Dataset section |
BEGIN

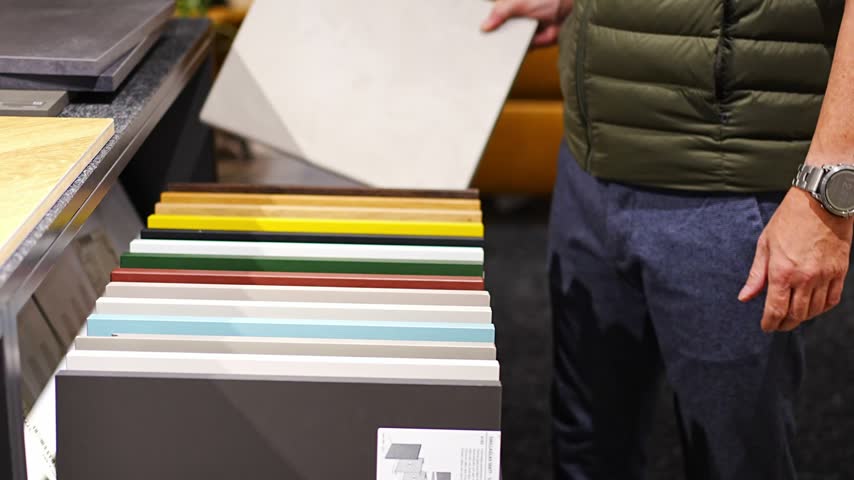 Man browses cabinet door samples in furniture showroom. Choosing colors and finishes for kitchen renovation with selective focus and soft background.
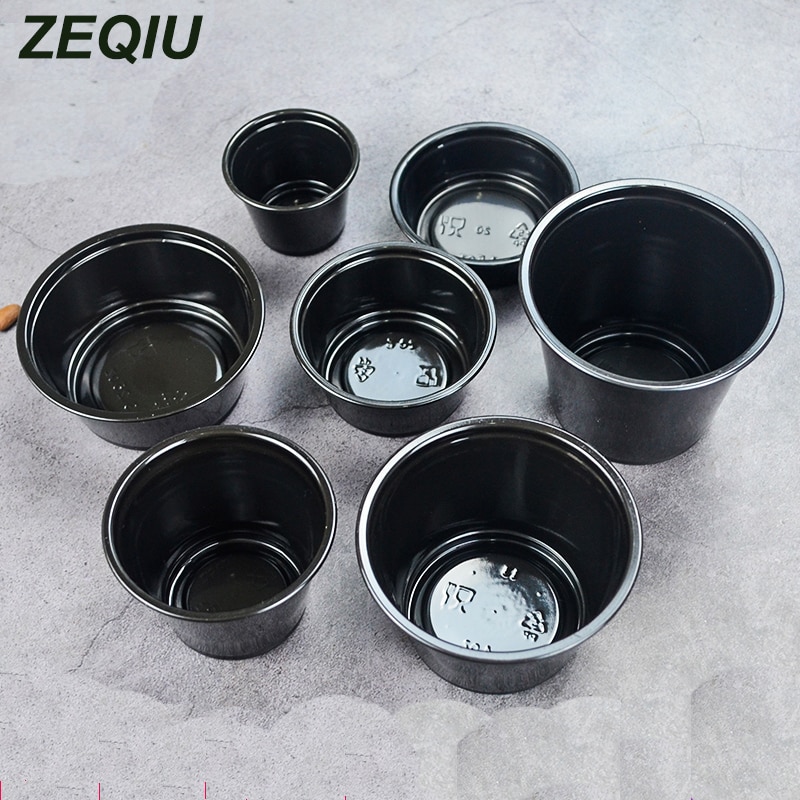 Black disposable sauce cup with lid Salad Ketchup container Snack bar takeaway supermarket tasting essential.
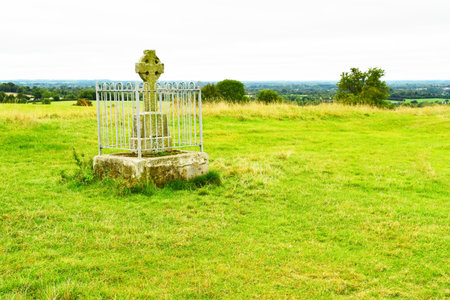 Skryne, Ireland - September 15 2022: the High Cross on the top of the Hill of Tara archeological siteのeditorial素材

END

What you have to do | Where a picture appears, omit it, and otherwise retype the material exactly.

Task response |
 Man browses cabinet door samples in furniture showroom. Choosing colors and finishes for kitchen renovation with selective focus and soft background.
 Black disposable sauce cup with lid Salad Ketchup container Snack bar takeaway supermarket tasting essential.
 Skryne, Ireland - September 15 2022: the High Cross on the top of the Hill of Tara archeological siteのeditorial素材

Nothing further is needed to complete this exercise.